The Métiers d’Art Élégance Sartoriale line consists of five men’s timepieces with dials that combine guilloché engraving with translucent colored enamel to create patterns inspired by traditional men’s wear fabrics: Prince of Wales check, herringbone, windowpane, pinstripe and tartan.

Colors range from discreet blue, gray and lavender to raspberry red and golden beige. The hours and minutes are displayed on a cream subdial that features patterns drawn from silk pocket squares and ties. Customers can choose to buy the watch with shirt buttons in matching motifs.

“What we are seeing today is a real revival of masculine elegance and what is interesting to note is that many young people are interested in that,” said Christian Selmoni, artistic director at Vacheron Constantin.

He noted the watchmaker usually deploys its métier d’art skills — guilloché, etching, enamel and gem-setting — on ladies’ watches.

“It was a delicate process arriving at a collection that is resolutely masculine while incorporating artistic crafts and colors that are perhaps more commonly linked to a feminine universe,” Selmoni added. “You have to find a balance between elegance, refinement and sophistication, and the flamboyance that comes from the use of guilloché and enamel.”

The five watches will be produced in a limited edition of 12 each, priced at 57,600 euros, or $63,000 at current exchange.

Vacheron Constantin has joined forces with Italian wool mill Vitale Barberis Canonico to present the timepieces, with another event scheduled at its New Bond Street boutique during London Craft Week in early May.

Julien Marchenoir, strategy and heritage director at Vacheron Constantin, noted the two companies had a combined history spanning more than 600 years. The watchmaker was founded in 1755, while Vitale Barberis Canonico has existed since 1663 and is now run by the 13th generation of the founding family.

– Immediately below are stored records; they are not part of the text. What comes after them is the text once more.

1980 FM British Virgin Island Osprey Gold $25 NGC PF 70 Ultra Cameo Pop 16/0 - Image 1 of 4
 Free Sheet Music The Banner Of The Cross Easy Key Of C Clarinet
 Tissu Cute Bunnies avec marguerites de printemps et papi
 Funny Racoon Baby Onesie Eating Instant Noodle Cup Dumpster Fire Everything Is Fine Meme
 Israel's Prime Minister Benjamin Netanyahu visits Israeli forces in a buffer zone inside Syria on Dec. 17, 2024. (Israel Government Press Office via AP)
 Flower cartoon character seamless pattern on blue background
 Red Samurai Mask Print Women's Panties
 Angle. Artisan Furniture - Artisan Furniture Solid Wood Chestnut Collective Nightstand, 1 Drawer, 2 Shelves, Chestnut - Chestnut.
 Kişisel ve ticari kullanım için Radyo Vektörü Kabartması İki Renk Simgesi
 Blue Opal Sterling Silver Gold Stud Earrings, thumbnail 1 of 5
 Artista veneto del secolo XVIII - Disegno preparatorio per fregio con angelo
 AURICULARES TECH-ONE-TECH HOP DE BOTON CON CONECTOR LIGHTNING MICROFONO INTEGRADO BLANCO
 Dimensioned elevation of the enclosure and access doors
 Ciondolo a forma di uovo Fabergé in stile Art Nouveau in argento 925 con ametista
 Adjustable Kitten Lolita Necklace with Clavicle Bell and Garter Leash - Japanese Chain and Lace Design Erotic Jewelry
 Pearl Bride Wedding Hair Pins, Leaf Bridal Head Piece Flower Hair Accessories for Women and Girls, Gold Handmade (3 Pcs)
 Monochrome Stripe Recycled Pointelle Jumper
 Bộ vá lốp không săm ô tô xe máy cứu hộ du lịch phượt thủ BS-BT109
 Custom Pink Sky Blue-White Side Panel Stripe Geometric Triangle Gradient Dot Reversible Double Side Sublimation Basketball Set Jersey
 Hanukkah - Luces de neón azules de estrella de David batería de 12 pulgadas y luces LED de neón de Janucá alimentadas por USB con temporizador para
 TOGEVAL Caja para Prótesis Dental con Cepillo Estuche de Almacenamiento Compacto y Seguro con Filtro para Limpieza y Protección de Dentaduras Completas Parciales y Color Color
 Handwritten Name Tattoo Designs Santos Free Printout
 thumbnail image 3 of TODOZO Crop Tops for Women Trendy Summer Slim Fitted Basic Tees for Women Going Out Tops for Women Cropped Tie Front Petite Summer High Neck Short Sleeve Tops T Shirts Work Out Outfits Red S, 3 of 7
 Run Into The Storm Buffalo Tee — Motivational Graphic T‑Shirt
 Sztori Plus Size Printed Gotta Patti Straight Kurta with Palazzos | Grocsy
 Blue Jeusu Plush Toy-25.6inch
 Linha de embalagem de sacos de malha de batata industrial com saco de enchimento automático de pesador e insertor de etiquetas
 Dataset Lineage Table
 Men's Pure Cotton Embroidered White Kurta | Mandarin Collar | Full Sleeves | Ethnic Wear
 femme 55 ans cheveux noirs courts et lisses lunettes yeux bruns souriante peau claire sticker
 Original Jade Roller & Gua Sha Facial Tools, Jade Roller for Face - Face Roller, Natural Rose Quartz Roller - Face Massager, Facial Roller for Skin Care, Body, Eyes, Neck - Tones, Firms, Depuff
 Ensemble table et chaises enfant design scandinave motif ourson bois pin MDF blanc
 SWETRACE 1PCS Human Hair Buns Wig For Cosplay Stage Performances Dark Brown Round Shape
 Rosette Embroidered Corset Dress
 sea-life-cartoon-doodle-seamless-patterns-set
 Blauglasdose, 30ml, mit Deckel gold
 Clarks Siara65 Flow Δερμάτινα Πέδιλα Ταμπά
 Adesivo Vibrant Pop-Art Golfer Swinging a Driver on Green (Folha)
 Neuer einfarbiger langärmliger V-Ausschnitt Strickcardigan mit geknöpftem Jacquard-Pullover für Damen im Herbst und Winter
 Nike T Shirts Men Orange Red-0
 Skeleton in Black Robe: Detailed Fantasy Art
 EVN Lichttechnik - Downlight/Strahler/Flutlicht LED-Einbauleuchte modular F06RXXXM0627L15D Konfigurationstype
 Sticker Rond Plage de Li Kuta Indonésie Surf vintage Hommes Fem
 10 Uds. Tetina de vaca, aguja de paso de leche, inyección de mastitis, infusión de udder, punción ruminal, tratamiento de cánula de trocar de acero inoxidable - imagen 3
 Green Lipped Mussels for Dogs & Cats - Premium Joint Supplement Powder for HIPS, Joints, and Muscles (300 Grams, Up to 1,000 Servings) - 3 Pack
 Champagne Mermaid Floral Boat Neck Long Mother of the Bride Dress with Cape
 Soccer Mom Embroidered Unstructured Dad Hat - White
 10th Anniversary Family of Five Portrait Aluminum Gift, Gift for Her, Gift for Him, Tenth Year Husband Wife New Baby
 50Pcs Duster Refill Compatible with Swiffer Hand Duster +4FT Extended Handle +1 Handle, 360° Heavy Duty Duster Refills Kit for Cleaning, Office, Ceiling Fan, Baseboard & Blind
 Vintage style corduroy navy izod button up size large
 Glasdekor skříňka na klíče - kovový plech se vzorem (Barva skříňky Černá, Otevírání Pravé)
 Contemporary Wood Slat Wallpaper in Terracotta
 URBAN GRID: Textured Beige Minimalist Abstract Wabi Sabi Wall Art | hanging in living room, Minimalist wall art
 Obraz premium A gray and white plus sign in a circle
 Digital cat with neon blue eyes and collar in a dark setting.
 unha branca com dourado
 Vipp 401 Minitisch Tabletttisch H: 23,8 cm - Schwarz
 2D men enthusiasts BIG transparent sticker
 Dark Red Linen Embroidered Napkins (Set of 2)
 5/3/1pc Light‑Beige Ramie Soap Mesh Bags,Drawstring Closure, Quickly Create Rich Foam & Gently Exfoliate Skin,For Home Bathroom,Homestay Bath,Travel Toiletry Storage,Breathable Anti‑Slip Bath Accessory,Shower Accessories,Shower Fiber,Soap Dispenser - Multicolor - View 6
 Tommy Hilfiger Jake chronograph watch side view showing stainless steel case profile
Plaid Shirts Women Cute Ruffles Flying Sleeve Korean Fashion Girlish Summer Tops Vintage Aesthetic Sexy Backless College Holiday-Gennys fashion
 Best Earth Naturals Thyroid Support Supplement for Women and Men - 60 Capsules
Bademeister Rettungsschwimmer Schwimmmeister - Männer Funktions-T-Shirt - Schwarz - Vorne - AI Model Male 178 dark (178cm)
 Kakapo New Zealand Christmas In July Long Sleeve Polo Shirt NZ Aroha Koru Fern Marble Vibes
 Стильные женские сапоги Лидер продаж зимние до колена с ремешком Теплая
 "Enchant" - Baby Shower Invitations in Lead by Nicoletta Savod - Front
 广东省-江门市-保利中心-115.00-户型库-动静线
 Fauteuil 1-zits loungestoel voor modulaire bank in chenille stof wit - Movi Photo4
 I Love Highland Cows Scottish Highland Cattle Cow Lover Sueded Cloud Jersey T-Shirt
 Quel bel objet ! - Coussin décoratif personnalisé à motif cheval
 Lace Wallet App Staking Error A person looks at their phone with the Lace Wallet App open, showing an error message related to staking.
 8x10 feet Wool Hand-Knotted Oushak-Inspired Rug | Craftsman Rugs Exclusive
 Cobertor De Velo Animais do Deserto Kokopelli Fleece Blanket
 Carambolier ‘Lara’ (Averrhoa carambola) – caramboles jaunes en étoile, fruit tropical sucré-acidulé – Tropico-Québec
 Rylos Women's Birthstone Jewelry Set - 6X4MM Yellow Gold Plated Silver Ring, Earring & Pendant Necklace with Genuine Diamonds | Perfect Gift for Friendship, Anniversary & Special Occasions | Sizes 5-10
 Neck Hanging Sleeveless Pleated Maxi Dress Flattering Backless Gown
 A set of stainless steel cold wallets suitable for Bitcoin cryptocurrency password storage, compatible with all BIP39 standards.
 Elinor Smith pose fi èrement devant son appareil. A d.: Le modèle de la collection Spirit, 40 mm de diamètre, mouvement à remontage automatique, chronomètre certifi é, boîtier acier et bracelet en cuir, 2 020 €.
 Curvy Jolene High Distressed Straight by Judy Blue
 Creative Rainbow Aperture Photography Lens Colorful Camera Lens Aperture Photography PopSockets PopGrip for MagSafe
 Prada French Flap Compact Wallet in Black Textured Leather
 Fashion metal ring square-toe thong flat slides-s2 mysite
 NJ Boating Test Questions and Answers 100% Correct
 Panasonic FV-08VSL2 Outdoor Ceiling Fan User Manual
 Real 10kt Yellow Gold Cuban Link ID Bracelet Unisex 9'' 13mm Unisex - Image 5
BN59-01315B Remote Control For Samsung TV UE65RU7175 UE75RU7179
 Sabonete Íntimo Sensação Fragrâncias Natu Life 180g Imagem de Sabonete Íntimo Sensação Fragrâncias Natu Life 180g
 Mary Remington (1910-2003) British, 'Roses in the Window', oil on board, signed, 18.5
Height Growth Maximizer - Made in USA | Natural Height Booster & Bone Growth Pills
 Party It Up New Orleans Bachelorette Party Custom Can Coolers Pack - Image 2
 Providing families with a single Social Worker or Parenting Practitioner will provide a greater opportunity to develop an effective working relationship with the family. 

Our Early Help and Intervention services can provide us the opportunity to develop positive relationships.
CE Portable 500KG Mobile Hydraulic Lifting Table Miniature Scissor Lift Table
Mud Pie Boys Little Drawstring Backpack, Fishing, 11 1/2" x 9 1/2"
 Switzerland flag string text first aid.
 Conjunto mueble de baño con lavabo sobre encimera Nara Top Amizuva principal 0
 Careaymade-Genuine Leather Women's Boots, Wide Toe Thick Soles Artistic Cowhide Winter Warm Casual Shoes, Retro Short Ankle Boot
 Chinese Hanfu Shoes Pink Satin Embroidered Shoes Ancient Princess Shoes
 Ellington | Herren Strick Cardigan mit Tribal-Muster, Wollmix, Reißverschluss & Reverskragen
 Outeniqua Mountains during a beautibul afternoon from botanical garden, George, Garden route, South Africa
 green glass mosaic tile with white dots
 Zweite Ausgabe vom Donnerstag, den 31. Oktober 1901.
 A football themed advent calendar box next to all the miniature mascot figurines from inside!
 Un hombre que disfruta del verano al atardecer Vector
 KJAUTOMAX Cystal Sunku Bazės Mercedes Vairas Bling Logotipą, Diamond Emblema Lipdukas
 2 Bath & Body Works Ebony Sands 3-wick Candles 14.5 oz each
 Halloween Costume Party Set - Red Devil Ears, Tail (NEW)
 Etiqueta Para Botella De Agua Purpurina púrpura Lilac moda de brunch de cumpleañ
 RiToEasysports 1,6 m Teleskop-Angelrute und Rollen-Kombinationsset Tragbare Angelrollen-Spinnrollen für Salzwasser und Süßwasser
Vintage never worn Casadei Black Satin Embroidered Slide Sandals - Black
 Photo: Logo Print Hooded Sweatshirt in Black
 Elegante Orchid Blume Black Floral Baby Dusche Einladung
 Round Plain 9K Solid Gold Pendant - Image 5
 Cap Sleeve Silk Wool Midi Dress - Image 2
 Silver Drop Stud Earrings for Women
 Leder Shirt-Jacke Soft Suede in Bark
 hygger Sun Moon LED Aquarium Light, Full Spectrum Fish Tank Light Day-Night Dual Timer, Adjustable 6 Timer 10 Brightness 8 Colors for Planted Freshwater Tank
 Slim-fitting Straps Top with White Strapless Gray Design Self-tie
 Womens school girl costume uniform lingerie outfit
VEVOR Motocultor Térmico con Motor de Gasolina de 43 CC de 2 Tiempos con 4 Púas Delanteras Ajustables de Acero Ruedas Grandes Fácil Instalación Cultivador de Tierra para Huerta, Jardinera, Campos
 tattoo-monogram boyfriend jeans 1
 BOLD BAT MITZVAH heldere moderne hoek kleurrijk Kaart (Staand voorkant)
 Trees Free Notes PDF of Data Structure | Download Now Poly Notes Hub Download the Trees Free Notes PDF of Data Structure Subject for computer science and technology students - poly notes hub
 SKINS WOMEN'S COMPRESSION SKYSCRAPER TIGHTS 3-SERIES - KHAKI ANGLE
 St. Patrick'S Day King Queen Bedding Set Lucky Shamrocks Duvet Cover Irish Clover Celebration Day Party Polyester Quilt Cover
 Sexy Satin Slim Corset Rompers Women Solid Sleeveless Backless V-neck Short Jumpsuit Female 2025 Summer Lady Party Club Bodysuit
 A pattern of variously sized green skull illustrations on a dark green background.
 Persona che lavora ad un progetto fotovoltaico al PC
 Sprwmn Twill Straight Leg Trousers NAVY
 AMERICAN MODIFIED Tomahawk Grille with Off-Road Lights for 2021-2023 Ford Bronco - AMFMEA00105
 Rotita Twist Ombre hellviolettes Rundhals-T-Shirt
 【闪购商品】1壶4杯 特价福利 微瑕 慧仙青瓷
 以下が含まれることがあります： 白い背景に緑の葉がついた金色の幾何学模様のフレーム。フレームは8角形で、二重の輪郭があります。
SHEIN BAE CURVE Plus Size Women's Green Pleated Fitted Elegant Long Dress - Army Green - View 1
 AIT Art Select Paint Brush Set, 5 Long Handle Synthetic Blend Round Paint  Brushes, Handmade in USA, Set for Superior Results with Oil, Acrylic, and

“Each client of a watch from the collection will be able to receive the fabric to make a custom-made suit with a tailor of his choice,” he said. “In that way, we wish to initiate more and more people to that kind of approach of bespoke tailoring and sartorial elegance.”

Selmoni said he saw a growing convergence between timepieces and fashion.

“I think we’re going to see more and more of this, and not only on the women’s side. Beyond that, I believe we are living through a very interesting period where gender diversity is more and more real. The boundaries between men’s and women’s watches are blurring,” he remarked.

Vacheron Constantin is training a spotlight on other crafts by supporting the exhibition “L’Empreinte du Geste,” running at the Musée des Arts Décoratifs here until Sunday. It features 18 artisans who will be on-site to show their work and share their know-how with visitors.

They include jewelry designer Florie Dupont; textile designer Judith Bourdin; graphic artists Célia Casal and Florian Aviet, and artist Mathias Kiss, who recently collaborated with jeweler Boucheron and has work on show at the Palais de Tokyo contemporary art museum.

Vacheron Constantin is hosting a pop-up store at the Arts Décoratifs and supporting projects for various artisans on crowdfunding platform Kiss Kiss Bank Bank.